Ingredients:

  • 1 cup (160g) steel cut oats
  • 2.5 cups (600ml) unsweetened almond milk
  • 0.5 cup (122g) full-fat Greek yogurt
  • 2 tbsp (24g) chia seeds
  • 1.5 tbsp (22.5ml) maple syrup
  • 1 tsp (5ml) pure vanilla extract
  • 0.5 tsp ground cinnamon
  • 0.25 tsp sea salt

Instructions:

  1. In a large mixing bowl or 1-quart Mason jar, combine the steel cut oats, chia seeds, ground cinnamon, and sea salt. Whisk or stir briefly to ensure the chia seeds are evenly distributed to prevent clumping.
  2. Pour in the unsweetened almond milk, full-fat Greek yogurt, maple syrup, and vanilla extract. Stir the mixture vigorously for at least 30 seconds until the yogurt is fully incorporated and the liquid appears uniform.
  3. Cover the container tightly with a lid or plastic wrap.
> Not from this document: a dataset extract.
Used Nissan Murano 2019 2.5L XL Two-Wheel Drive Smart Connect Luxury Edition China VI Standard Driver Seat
Alternatively, portion the mixture into four individual 8oz glass jars for convenient meal prep.
  4. Place in the refrigerator for a minimum of 8 hours, or up to 24 hours for the optimal 'sweet spot' texture where the grains are softened but maintain their structural integrity.
  5. Before serving, give the oats a thorough stir to redistribute any settled liquid. If the consistency is too thick, add a splash of additional almond milk to reach your desired density.